Doodlebug
Doodlebug is the journal I kept when my brother and I took two and a half months to drive across the country. I edited the journal down to around 200 pages and wrote an introduction and afterward. We started on January 1st, 1994. Here is a sample from February 8th when we were camped in the Big Thicket of Texas.
Feb. 8th
On the river, Louis saw a large snake slipping from a log into the water and another leaving the bank. It may have been a water moccasin and he may have fulfilled his lifelong obsession with seeing a poisonous snake, but we don’t know. He did spot an anthill on the way back.
“Careful, those might be red ants,” I cautioned.
“Not all red ants sting,” he said, squatting beside it and unsheathing his magnifying glass.
“Careful, don’t stir them up.”
He bent over the hill, trying to get focused on an ant, putting his face and nose danger-ously close to them. I watched nervously for signs of a war party advancing up my leg.
“Aha!” Louis said, sitting up and looking at his arm. “Great, I’ve got one on my arm.
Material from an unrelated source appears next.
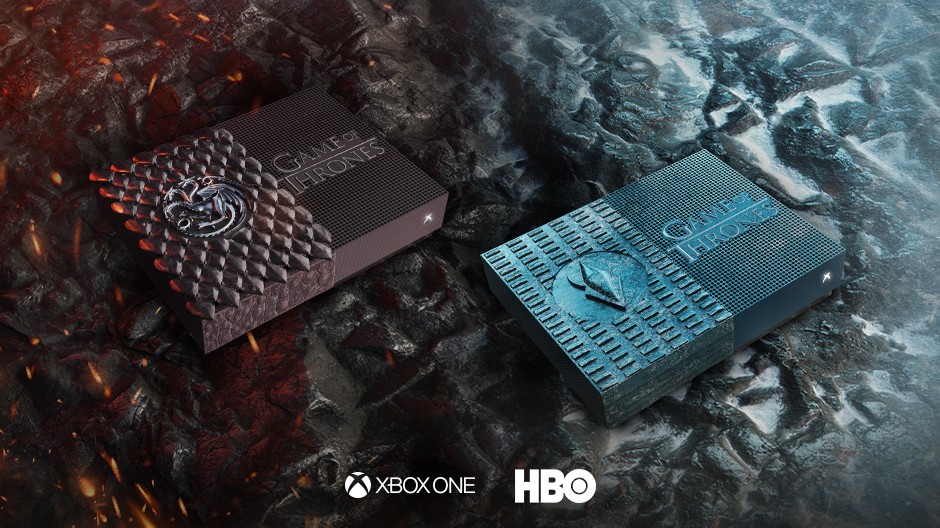 Xbox One S, Microsoft, Game of Thrones, GamersRD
Yes, it has formic acid.” He squinted at it with the glass.
“Does that mean they can sting?”
He prodded it with his finger. “Yes, there he goes. Have you ever noticed that some ants hunch up when they sting?”
“No, I never noticed that.”
“They bite you and then hunch up because their formic acid is in their last section, so they have to hunch to spray it into the cut.”
“Really?”
“Yup, look at that.” He showed me the sting, slightly swollen and turning red, and he flicked the ant back onto the hill.
“Did you know that in some famous mu-seum, I forget which one, there is a rare species of ant found by an English scientist? He found it while he was having supper with Stalin. It ran across the table, and he recognized it and put it in vodka.”
“That works?” I said.
“The best, strongest alcohol will work. Now, army ants, I would like to see some of those. You know they can kill a deer?”
“No, I didn’t know that. Do they live around here?”
“No, only in the tropics. Some of them are so specialized their jaws are only good for ripping and tearing. They can’t feed themselves without the others.”